> **To do**:
Your copy should begin with the line containing "The Fruits Picture", end with the line containing "Family Sign Metal", match the listing below exactly, and contain no pictures.

> **Raw data**:
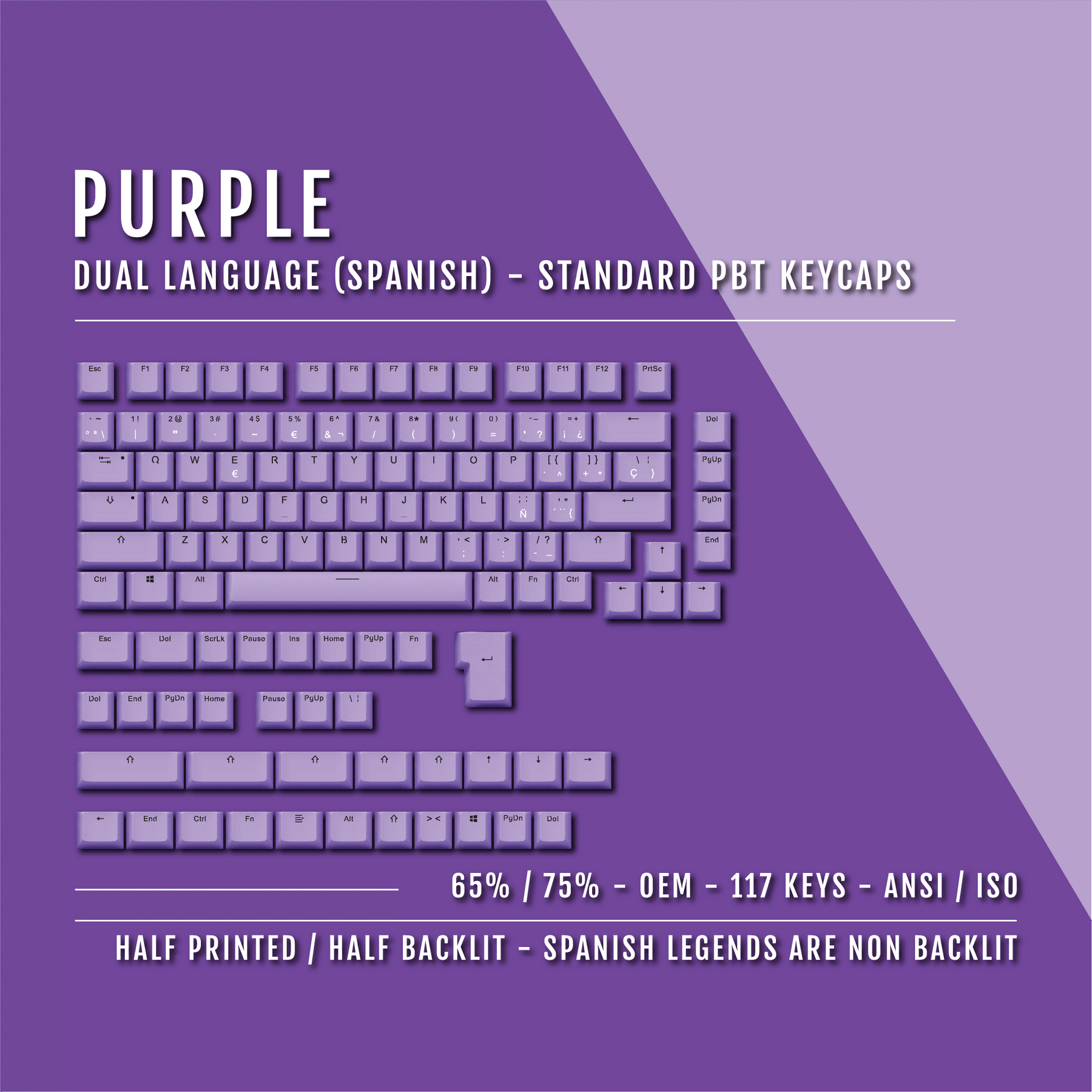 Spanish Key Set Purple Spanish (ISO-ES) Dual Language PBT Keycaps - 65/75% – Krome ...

--

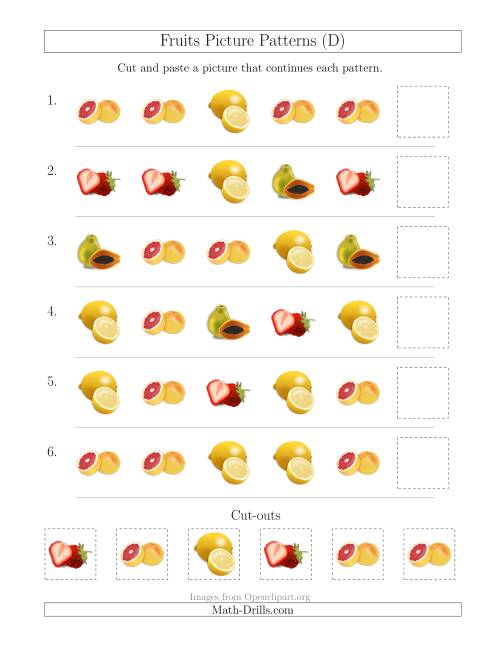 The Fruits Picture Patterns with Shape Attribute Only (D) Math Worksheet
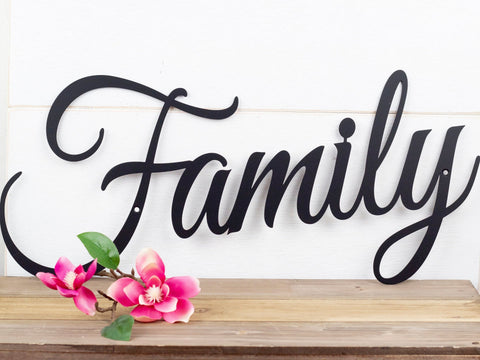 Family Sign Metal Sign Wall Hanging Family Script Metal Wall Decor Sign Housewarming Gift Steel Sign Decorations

---

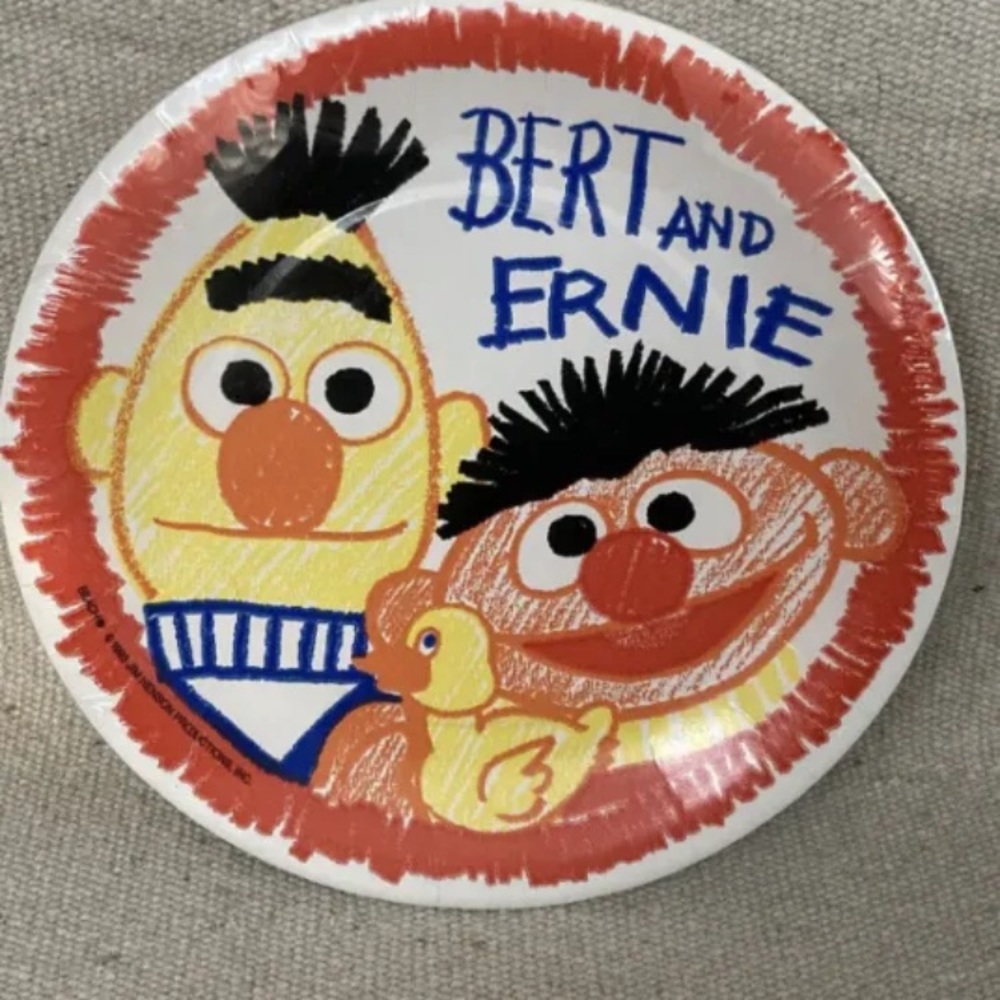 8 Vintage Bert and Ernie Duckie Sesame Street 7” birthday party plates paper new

> **Task response**:
 The Fruits Picture Patterns with Shape Attribute Only (D) Math Worksheet
 Family Sign Metal Sign Wall Hanging Family Script Metal Wall Decor Sign Housewarming Gift Steel Sign Decorations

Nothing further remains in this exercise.